◆ WORK INSTRUCTION ◆
Pictures must not be copied, but every entry must be reproduced exactly.

◆ DATA TO PROCESS ◆

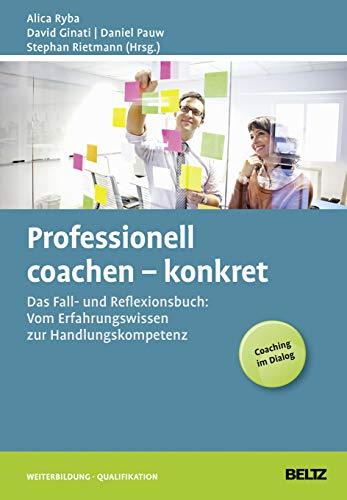 Imagen de archivo de Professionell coachen - konkret: Das Fall- und Reflexionsbuch: Vom Erfahrungswissen zur Handlungskompetenz a la venta por medimops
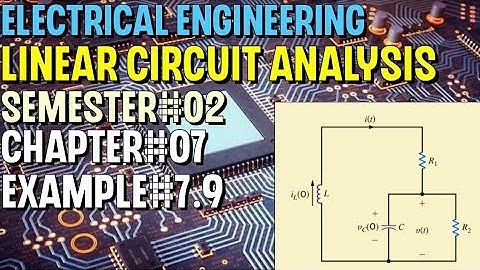 Linear Circuit Analysis | Chapter#07 | Example#7.9 | Basic Engineering Circuit Analysis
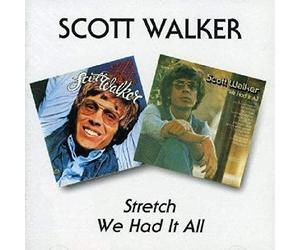 Walker, Scott - Stretch:We Had It All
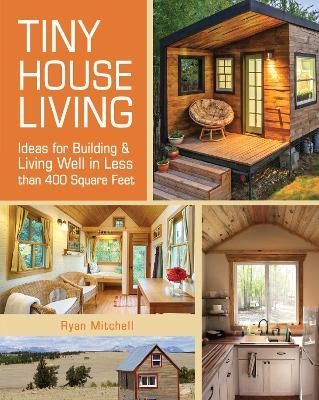 Tiny House Living - Ryan Mitchell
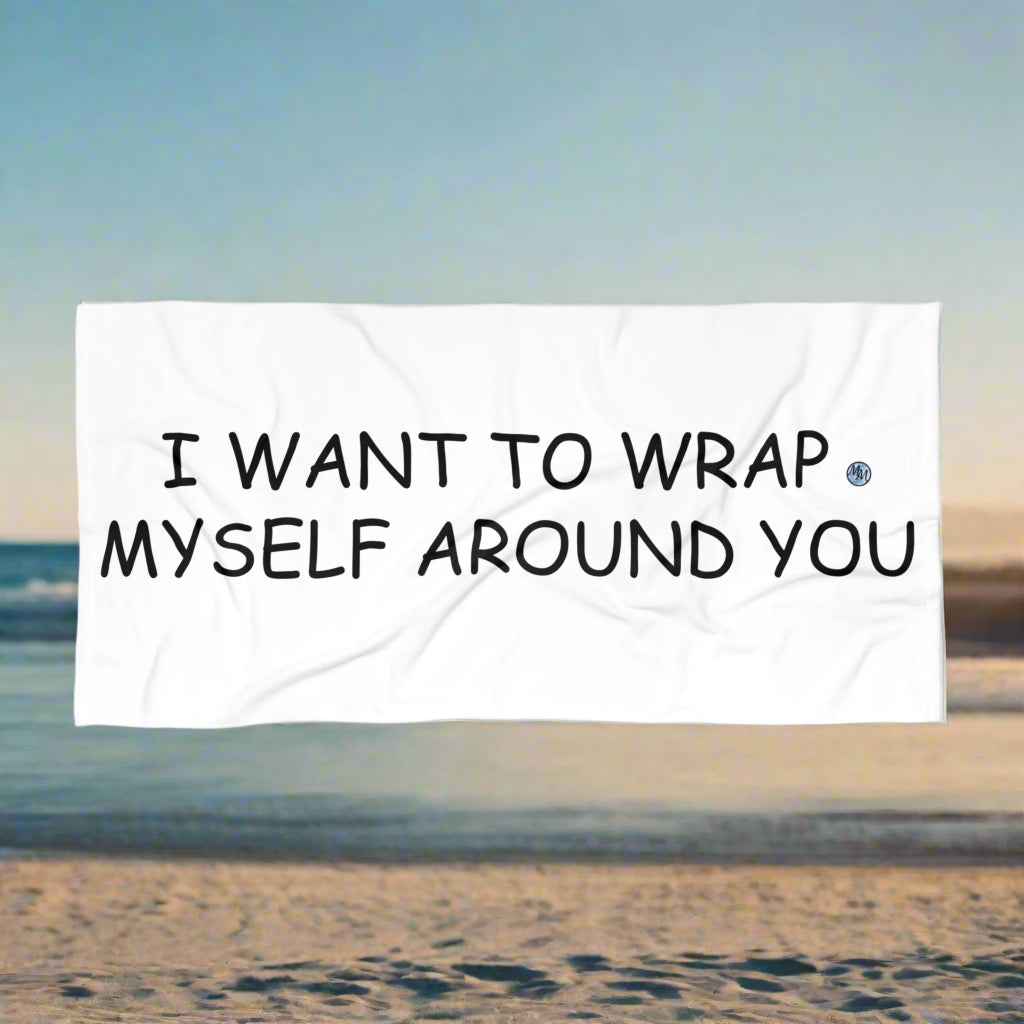 Wrap Myself Around You White Beach Towel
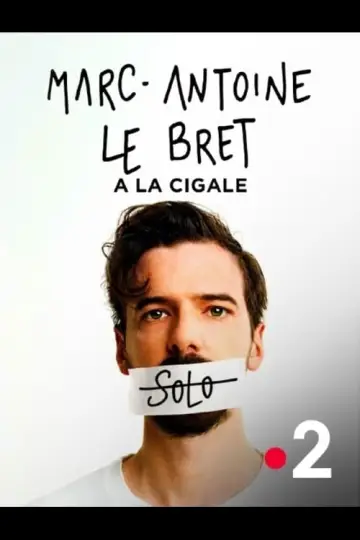 Marc-Antoine Le Bret : Solo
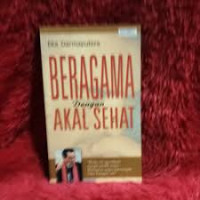 Image of BERAGAMA DENGAN AKAL SEHAT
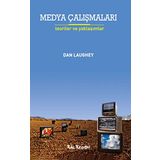 MEDYA ÇALIŞMALARI TEORILER VE YAKLAŞIMLAR - DAN LAUGHEY
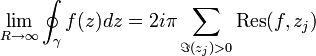  \lim_{R\to \infty}\oint_\gamma f(z) dz = 2i\pi \sum_{\Im(z_j)>0} \mathrm{Res}(f, z_j)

◆ TASK OUTPUT ◆
 Imagen de archivo de Professionell coachen - konkret: Das Fall- und Reflexionsbuch: Vom Erfahrungswissen zur Handlungskompetenz a la venta por medimops
 Linear Circuit Analysis | Chapter#07 | Example#7.9 | Basic Engineering Circuit Analysis
 Walker, Scott - Stretch:We Had It All
 Tiny House Living - Ryan Mitchell
 Wrap Myself Around You White Beach Towel
 Marc-Antoine Le Bret : Solo
 Image of BERAGAMA DENGAN AKAL SEHAT
 MEDYA ÇALIŞMALARI TEORILER VE YAKLAŞIMLAR - DAN LAUGHEY
  \lim_{R\to \infty}\oint_\gamma f(z) dz = 2i\pi \sum_{\Im(z_j)>0} \mathrm{Res}(f, z_j)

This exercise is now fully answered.